Filtering (reducing) a NumPy Array

Summary

Using a loop-based approach with single pass and copying, accelerated with Numba, offers the best overall trade-off in terms of speed, memory efficiency and flexibility.
If the execution of the condition function is sufficiently fast, two-passes (filter2_nb()) may be faster, while they are more memory efficient regardless.
Also, for sufficiently large inputs, resizing instead of copying (filter_resize_xnb()) leads to faster execution.

If the data type (and the condition function) is known ahead of time and can be compiled, the Cython acceleration seems to be faster.
It is likely that a similar hard-coding of the condition would lead to comparable speed-up with Numba accerelation as well.

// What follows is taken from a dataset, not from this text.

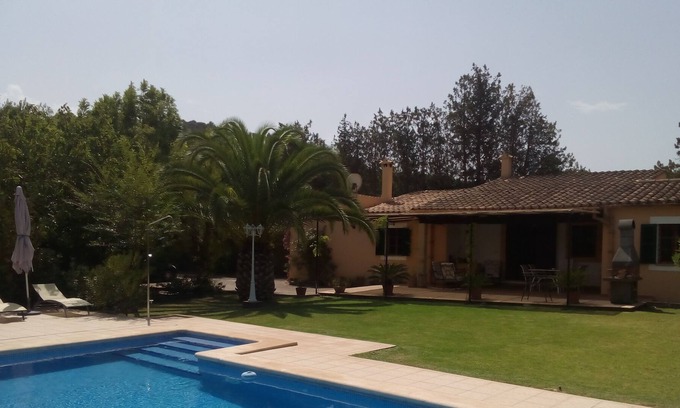 Alaro Chalet De Esquí | CASA RURAL MALLORQUINA CON PISCINA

When it comes to NumPy-only based approaches, boolean masking or integer indexing are of comparable speed, and which one comes out faster depends largely on the filtering factor, i.e. the portion of values that passes through the filtering condition.

The np.fromiter() approach is much slower (it would be off-charts in the plot), but does not produce large temporary objects.

Note that the following tests are meant to give some insights into the different approaches and should be taken with a grain of salt.
The most relevant assumptions are that the condition is broadcastable and that it would eventually compute very fast.


Definitions

  1. Using a generator:
def filter_fromiter(arr, cond):
    return np.fromiter((x for x in arr if cond(x)), dtype=arr.dtype)
  1. Using boolean masking:
def filter_mask(arr, cond):
    return arr[cond(arr)]
  1. Using integer indexing:
def filter_idx(arr, cond):
    return arr[np.nonzero(cond(arr))]

4a. Using explicit looping, with single pass and final copying/resizing

  • Cython-accelerated with copying (pre-compiled condition)
%%cython -c-O3 -c-march=native -a
#cython: language_level=3, boundscheck=False, wraparound=False, initializedcheck=False, cdivision=True, infer_types=True


import numpy as np


cdef long NUM = 1048576
cdef long MAX_VAL = 1048576
cdef long K = 1048576 // 2


cdef int cond_cy(long x, long k=K):
    return x < k


cdef size_t _filter_cy(long[:] arr, long[:] result, size_t size):
    cdef size_t j = 0
    for i in range(size):
        if cond_cy(arr[i]):
            result[j] = arr[i]
            j += 1
    return j


def filter_cy(arr):
    result = np.empty_like(arr)
    new_size = _filter_cy(arr, result, arr.size)
    return result[:new_size].copy()
  • Cython-accelerated with resizing (pre-compiled condition)
def filter_resize_cy(arr):
    result = np.empty_like(arr)
    new_size = _filter_cy(arr, result, arr.size)
    result.resize(new_size)
    return result
  • Numba-accelerated with copying
import numba as nb


@nb.njit
def cond_nb(x, k=K):
    return x < k


@nb.njit
def filter_nb(arr, cond_nb):
    result = np.empty_like(arr)
    j = 0
    for i in range(arr.size):
        if cond_nb(arr[i]):
            result[j] = arr[i]
            j += 1
    return result[:j].copy()
  • Numba-accelerated with resizing
@nb.njit
def _filter_out_nb(arr, out, cond_nb):
    j = 0
    for i in range(arr.size):
        if cond_nb(arr[i]):
            out[j] = arr[i]
            j += 1
    return j


def filter_resize_xnb(arr, cond_nb):
    result = np.empty_like(arr)
    j = _filter_out_nb(arr, result, cond_nb)
    result.resize(j, refcheck=False)  # unsupported in NoPython mode
    return result
  • Numba-accelerated with a generator and np.fromiter()
@nb.njit
def filter_gen_nb(arr, cond_nb):
    for i in range(arr.size):
        if cond_nb(arr[i]):
            yield arr[i]


def filter_gen_xnb(arr, cond_nb):
    return np.fromiter(filter_gen_nb(arr, cond_nb), dtype=arr.dtype)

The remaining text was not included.